%%
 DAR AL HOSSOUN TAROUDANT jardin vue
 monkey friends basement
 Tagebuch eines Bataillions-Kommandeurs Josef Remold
%%
YOUR OBJECTIVE:
Each line above needs to be output again, exactly as shown.

SOLUTION FOR THIS EXERCISE:
 DAR AL HOSSOUN TAROUDANT jardin vue
 monkey friends basement
 Tagebuch eines Bataillions-Kommandeurs Josef Remold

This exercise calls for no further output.